You have to go to the branch (yeah on Saturday night!!)produce Passport, Text message he will send, the pass code he gave, and then the crunch, go and put 2150 Dirhams credit in your phone now, go to a petrol station, or grocery store you need to do this quickly, and show the top up cards when you get to the bank.........
Do it Quickly, ...... 
Thats when I put the phone down, not sure how they would get the dosh after you topped up the phone.
I then had 3 missed calls from them.

The guy speaks very quickly, Indian accent the number used was 050 494 4373, now marked in my phone as W**k**S.

Talking to a local chap later, he advised me it is becoming quite common, always an Indian accent.
Be warned
Be carefull
rgds
Kev


----------



## busybee2

its very very very very common here... just ignore.


----------



## BedouGirl

Report his mobile number to Etisalat. They take this very seriously. Sadly, it's very common here.


----------



## Budw

kevinthegulf said:


> Just as a warning, as I was rather suprised at it happening here in the UAE. Expect it elsewhere , so why not here I suppose
> 
> Had a phone call early evening, purportedly from Etisalat, an Indian Gentleman telling me that my Sim number had won AED200K.
> 
> Seemed reasonable enough to start with, although I was quite sceptical as good luck never really comes my way
> 
> Gave various code references, pick up your prize from Dubai Islamic Bank.
> The patter was reasonably plausible and As I didnt give and wasnt asked for any details I was content to carry on to see what was going on.
> 
> You have to go to the branch (yeah on Saturday night!!)produce Passport, Text message he will send, the pass code he gave, and then the crunch, go and put 2150 Dirhams credit in your phone now, go to a petrol station, or grocery store you need to do this quickly, and show the top up cards when you get to the bank.........
> Do it Quickly, ......
> Thats when I put the phone down, not sure how they would get the dosh after you topped up the phone.
> I then had 3 missed calls from them.
> 
> The guy speaks very quickly, Indian accent the number used was 050 494 4373, now marked in my phone as W**k**S.
> 
> Talking to a local chap later, he advised me it is becoming quite common, always an Indian accent.
> Be warned
> Be carefull
> rgds
> Kev



My wife received also a scam call 2 days ago from 056 6190829, The person was claiming to work for Etisalat and told her that she had won a large price. When he started to ask personal details my wife hang up . I tried calling 101 (Etisalat) to report the number, but reached only recorded messages...  Since I could not find a reasonable option in the menu system I gave up.

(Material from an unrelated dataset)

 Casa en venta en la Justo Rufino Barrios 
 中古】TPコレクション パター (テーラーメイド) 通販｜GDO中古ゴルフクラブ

Anyone know how and where to report these type of calls?


----------



## VWCefiro

I'm having the same issue random calls and text messages from both my du numbers and now on my sisters etisalat number which we just got 2 weeks ago! and same number as OP posted 

from what I heard these crooks are hanging out around Madinet Zayed and I would love to report and deport these scumbags out of this city


----------



## Budw

BedouGirl said:


> Report his mobile number to Etisalat. They take this very seriously. Sadly, it's very common here.


Have you tried reporting this with Etisalat? How?


----------



## busybee2

i have reported to 101 before many times.....


----------



## BedouGirl

busybee2 said:


> i have reported to 101 before many times.....


That's the only number they have.


----------



## Budw

busybee2 said:


> i have reported to 101 before many times.....


That is what I tried.... Provide some more details; there are many options to choose, non of them relate at all to reporting these incidents, and it is not possible to get an operator on the phone....


----------



## Enzoo

i received it many times , the last call was a couple of days ago , i just said politely that ill just check your number from etisalat if the promotion i really from them and just like that , he hanged up .....


----------



## kevinthegulf

Got a call to my business phone today
gave him 10 seconds until the call was assessed, different person as his english was poor 
then told him to "***k off and die you scumbag w#####r"
strange he then hung up. (056 961 2604), before I could really give him my full emotions, obviously he was short of credit.
rgds Kev


----------



## VWCefiro

kevinthegulf said:


> Got a call to my business phone today
> gave him 10 seconds until the call was assessed, different person as his english was poor
> then told him to "***k off and die you scumbag w#####r"
> strange he then hung up. (056 961 2604), before I could really give him my full emotions, obviously he was short of credit.
> rgds Kev


nice give them for what they deserve! 

man I got another one today 971-29-086-345 this was a usual since day one an automatic machine sent when I pick up or sent to my voice mail I text it back saying a few words but it didn't go though 

these phone calls really piss someone off when there focusing working out!


----------



## singingbee

Thanks for the heads up, kevinthegulf... It was a scam indeed. As a matter of fact, it's still happening at present. Just last week, I got a call from someone named Lori Grace and she congratulated me for winning the lottery. She said I got picked based on the last 4 digits of my SSN. Lol... As much as it would be nice to get a prize, it's just too good to be true. I wonder if she expected me to believe her... :yawn:


----------



## singingbee

By the way, I looked up the scammer's phone number and pulled up Callercenter along with several complaints from others who have received similar calls, too. Looks like this scammer has been freely calling people for a while now.


----------



## AlexDhabi

This is a very common scam - why would anyone believe someone calling you about winning a competition you did not enter? 
I found Etisalat are not interested - when I tried to report it they said go to the police.


----------